Most folks with a lot of experience will tell you:
1)It's very hard to stop a fermentation in process. Even if you succeed stopping it at the target ABV is hard.
2) It's much better to start at a point where a finished fermentation gives you the desired ABV.

Your experience so far seems to support those ideas.
 
Thanks both of you for your help. Agree on how hard it is to stop it mid way like this. Usually a fermentation will stop once the level of alcohol becomes too toxic for the yeast and very little sugar left over. But when making ice wine or ice cider the 'style' is to have lots of sugar left over and finishing at a level that has less alcohol than a finished wine.

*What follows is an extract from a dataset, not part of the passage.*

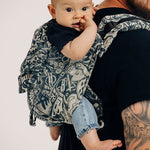 Clockwork Fix It Toddler Onbuhimo PRO by LennyLamb LennyLamb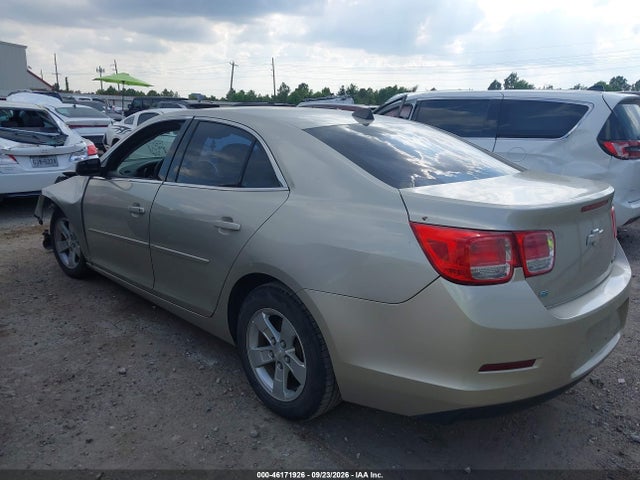 Aukcja sprzedaży 2014 Chevrolet Malibu 1ls, vin: 1G11B5SL1EF211188, numer aukcji: 46171926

An icewine comes in around 9%-12% ABV and starting Brix around 32-35 so that always means there will be approx 12-15% sugar left near the end when it struggles to still ferment, but is hard to stop it. Unless one starts at a lower brix and ferments to dryness and then backsweets to 14%, but that is not really the way to be making icewine or ice cider. Some wineries will sterile filter, but most hobbyists are not equiped to do this, means filters less than 1 micron, expensive system. Thinking like jgmillr1 said, will look at combination of racking, settling, chilling, so2, and perhaps sorbate.

Cheers,

Rob
 
I have no confidence you can get a sweet, unfiltered wine that doesn't referment without sorbate.

Just throwing this out there but I have successfully bottle carbed and stopped fermentation by pasteurizing the bottles in a stockpot on my stove, leaving exactly the amount of sweetness I wanted. No sorbate, no filtering, no refermentation, no discernable difference in flavor compared to unpasteurized.

I did however get a slight dusting in the bottles, which is unavoidable when bottle carbing.

I plan on using the method for cider this fall.